> _TASK_:
Where the data below begins, start duplicating lines exactly, and finish with the line containing "Femme souriante tenant"; add nothing else. Leave the pictures out.

(Pictures with short captions)
# # #
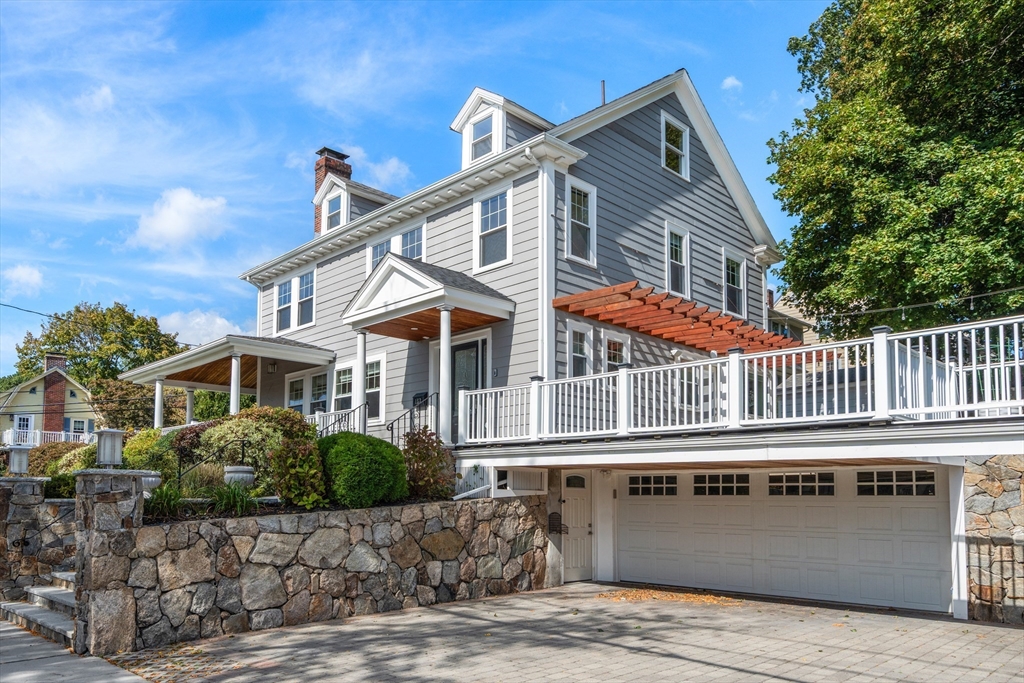 152 Bellevue Road Watertown, MA 02472 - Photo 2 of 42 a house view with a garden space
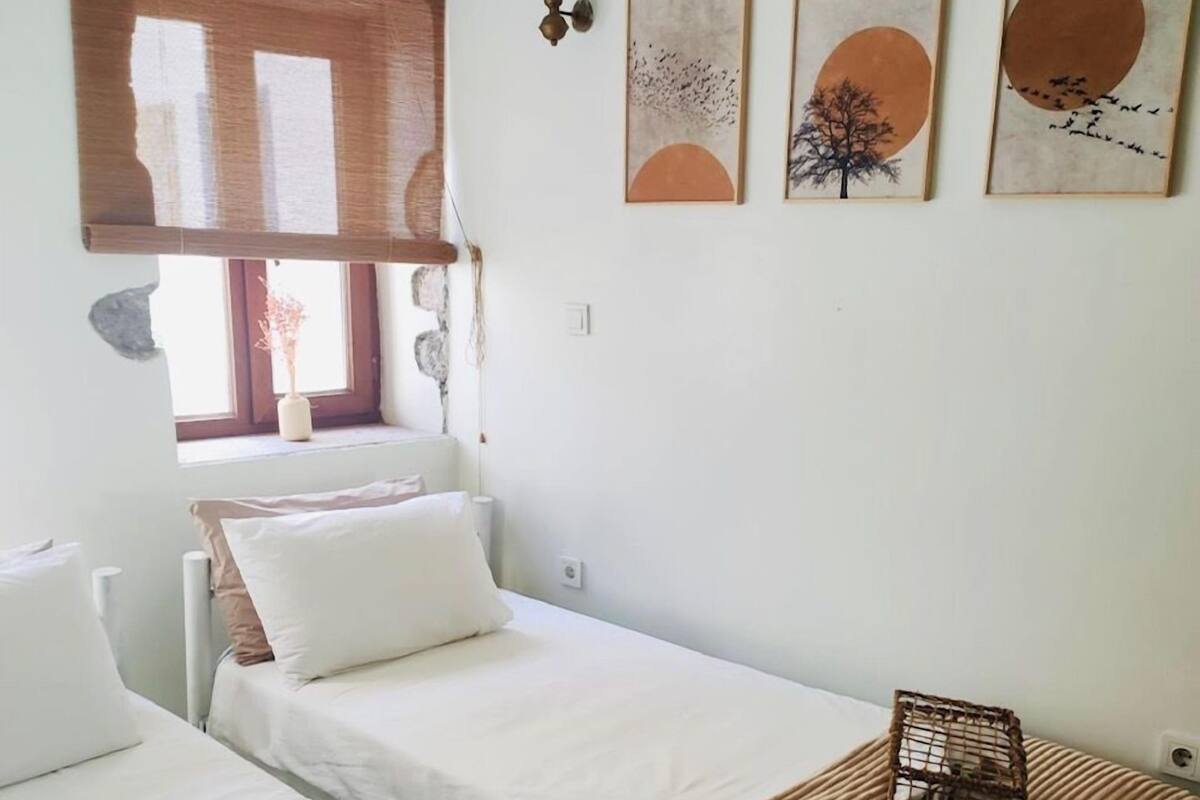 Quarto com duas camas, janela com vista e obras de arte nas paredes.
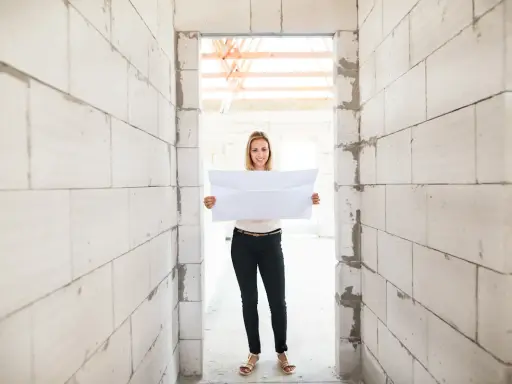 Femme souriante tenant un plan dans un chantier. Un acompte encaissé pour des travaux non réalisés, mais l'espoir est là.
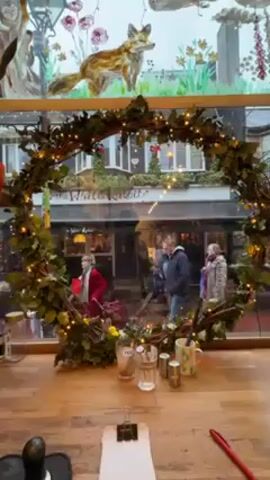 The video shows a view from inside a building, looking out through a window decorated with a large, circular wreath made of branches, leaves, and small lights. Above the wreath, the window is painted with nature scenes including a fox and an owl. Outside, the street is visible, with people walking by, some holding umbrellas in what appears to be rainy weather.  Across the street, a building with the sign "The White Rabbits" is visible. In the foreground, on a wooden surface, there are glasses, salt and pepper shakers, a mug, a clipboard with papers, and a red pen. The camera remains still throughout the video.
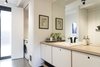 Modern home with Bath Room, Subway Tile Wall, Concrete Floor, Ceiling Lighting, Drop In Sink, Open Shower, Laminate Counter, and Track Lighting. Bathroom Photo 14 of The Golf Course House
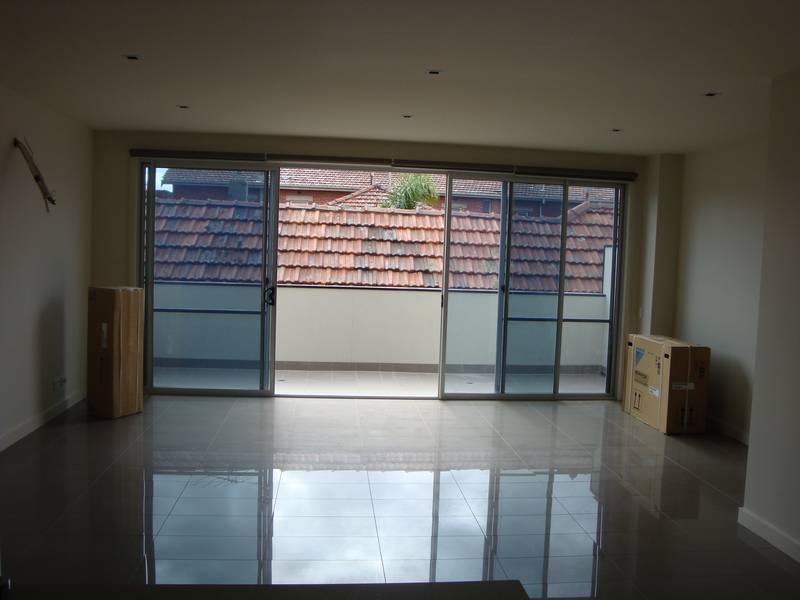 This three level townhouse is set back from the street, private and secure. Picture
# # #
> _RESULT FOR THIS TASK_:
 152 Bellevue Road Watertown, MA 02472 - Photo 2 of 42 a house view with a garden space
 Quarto com duas camas, janela com vista e obras de arte nas paredes.
 Femme souriante tenant un plan dans un chantier. Un acompte encaissé pour des travaux non réalisés, mais l'espoir est là.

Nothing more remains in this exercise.